Copy only those lines which run from the line containing "Stetson Leather Utility Jacket" to the end of the entries below, both inclusive, exactly as written and with no pictures.

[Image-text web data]
══════
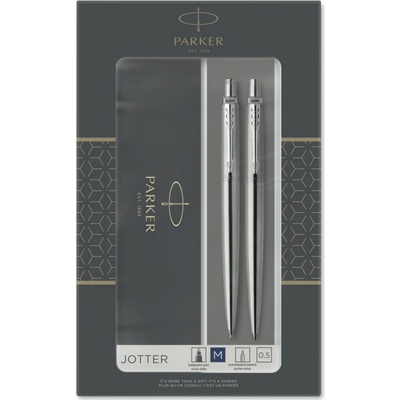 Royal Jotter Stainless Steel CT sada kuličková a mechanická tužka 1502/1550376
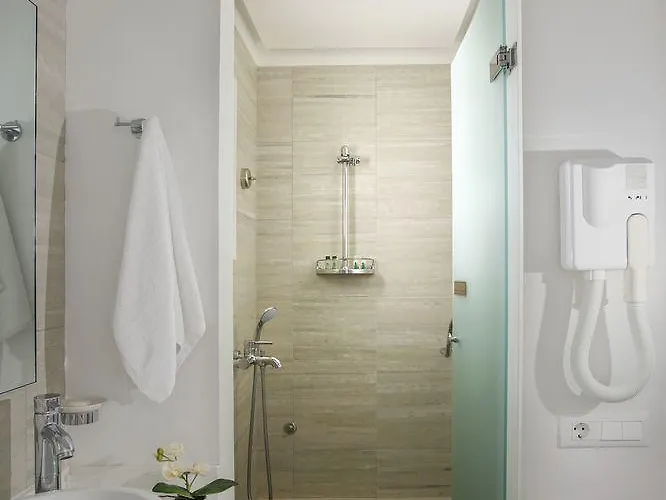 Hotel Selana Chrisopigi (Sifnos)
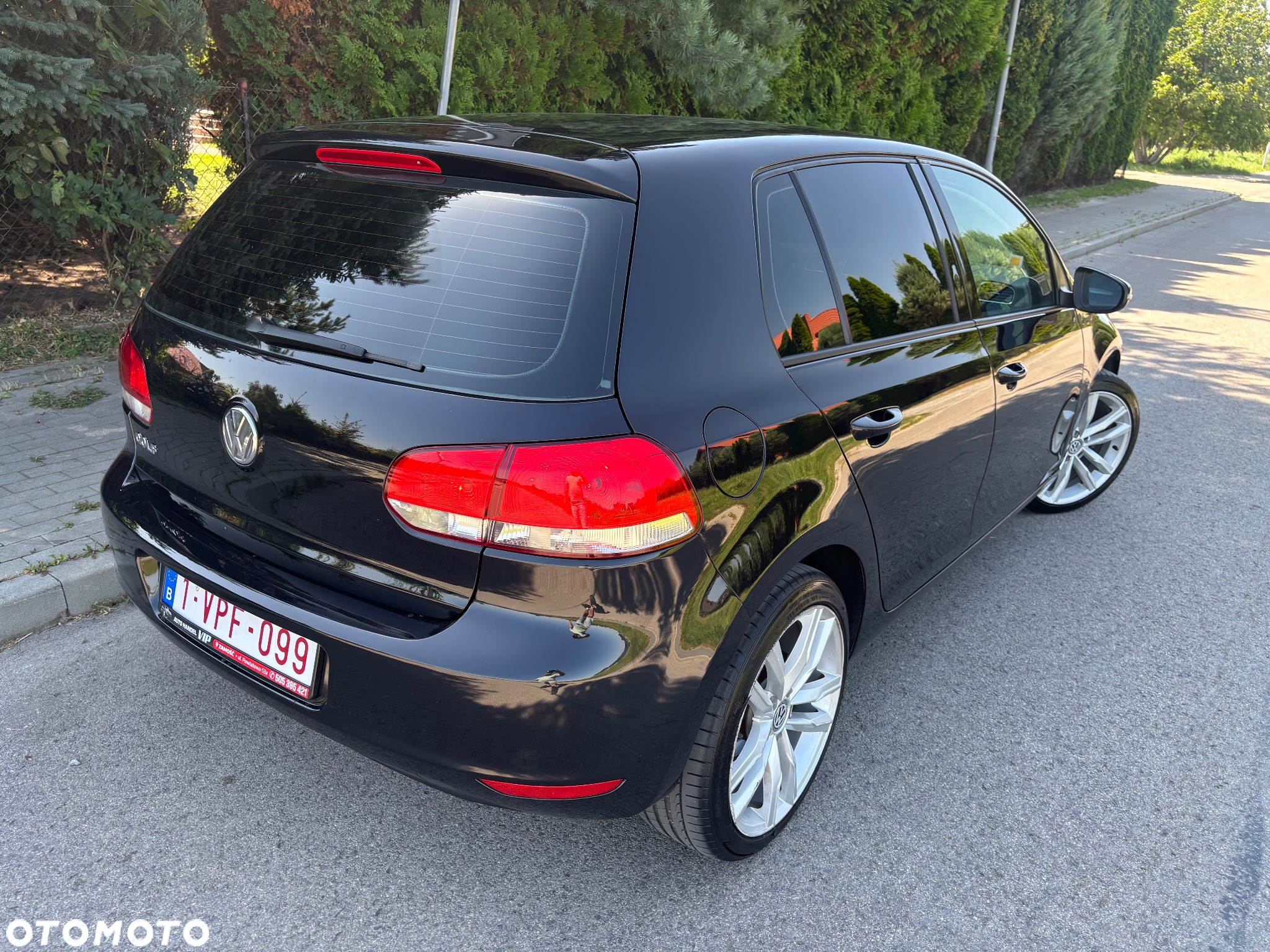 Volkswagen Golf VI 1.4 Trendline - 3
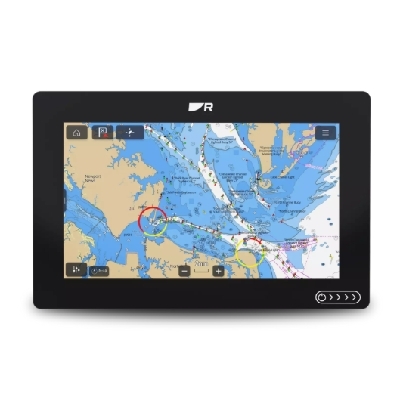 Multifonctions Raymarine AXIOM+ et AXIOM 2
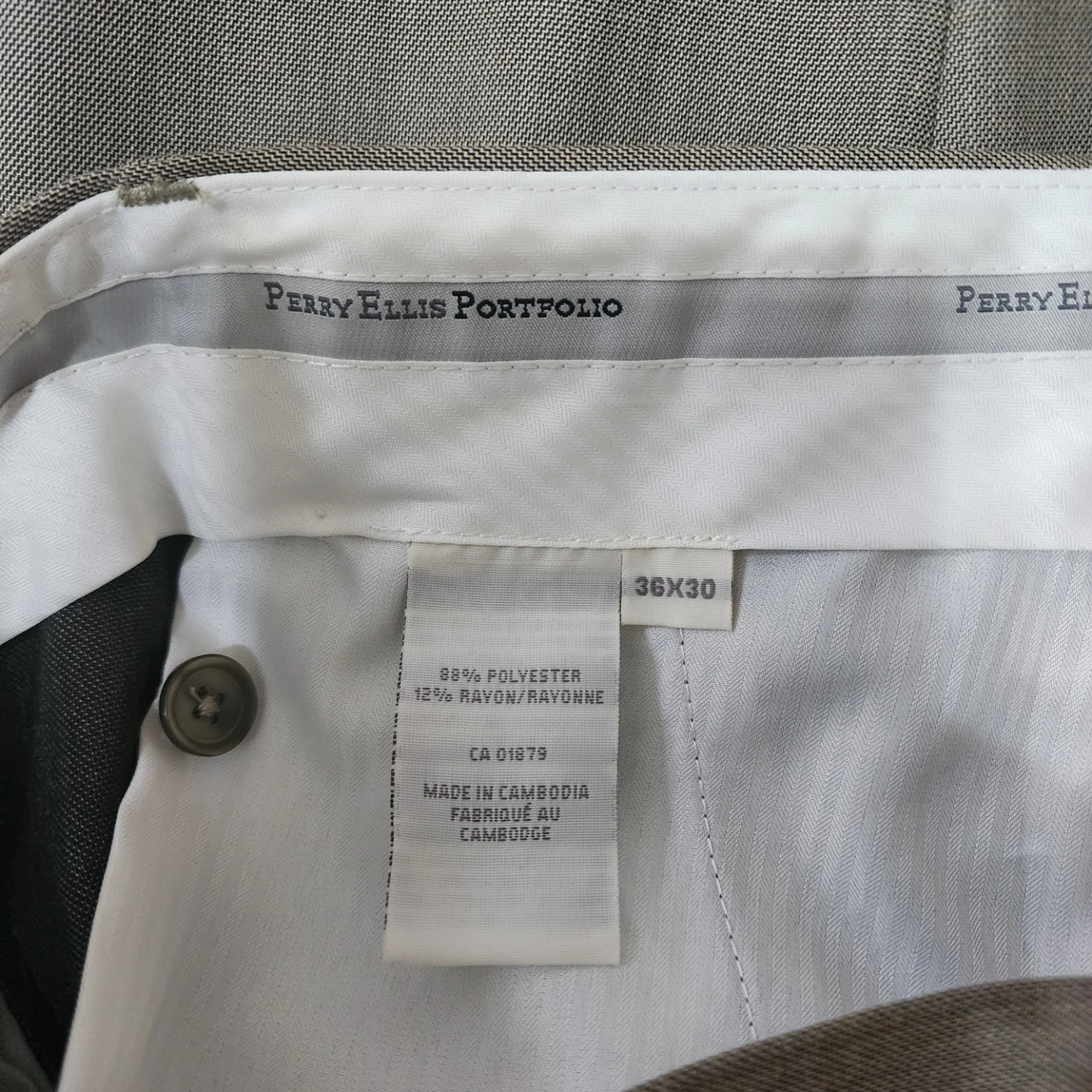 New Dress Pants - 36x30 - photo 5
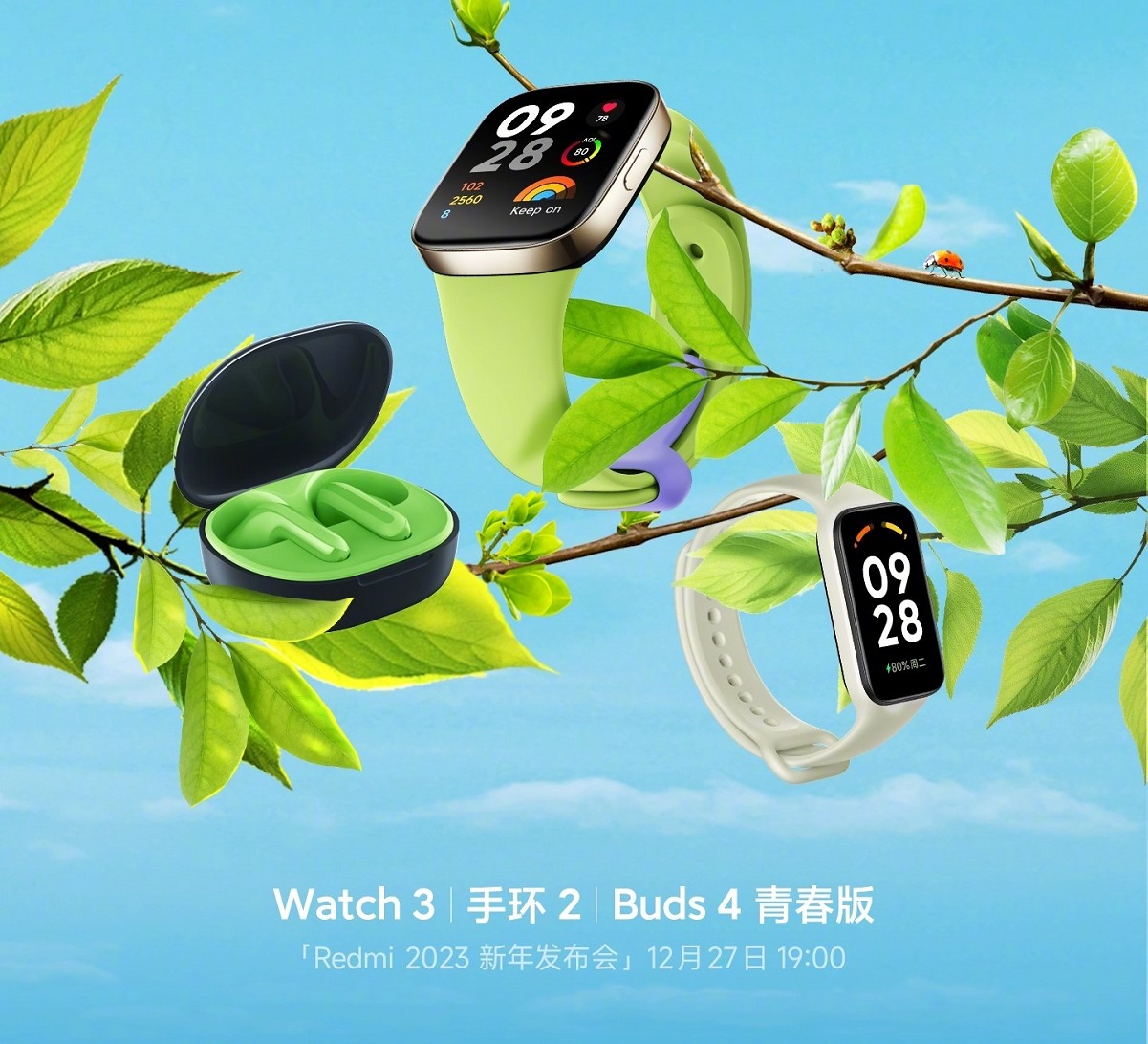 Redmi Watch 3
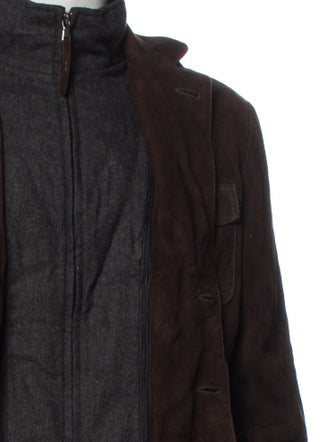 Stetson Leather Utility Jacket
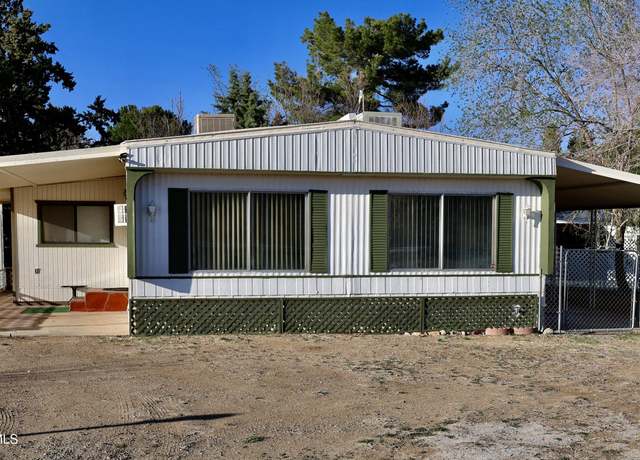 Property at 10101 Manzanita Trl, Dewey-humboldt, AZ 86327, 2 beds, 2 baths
══════
*ANSWER TO THIS PROBLEM*
 Stetson Leather Utility Jacket
 Property at 10101 Manzanita Trl, Dewey-humboldt, AZ 86327, 2 beds, 2 baths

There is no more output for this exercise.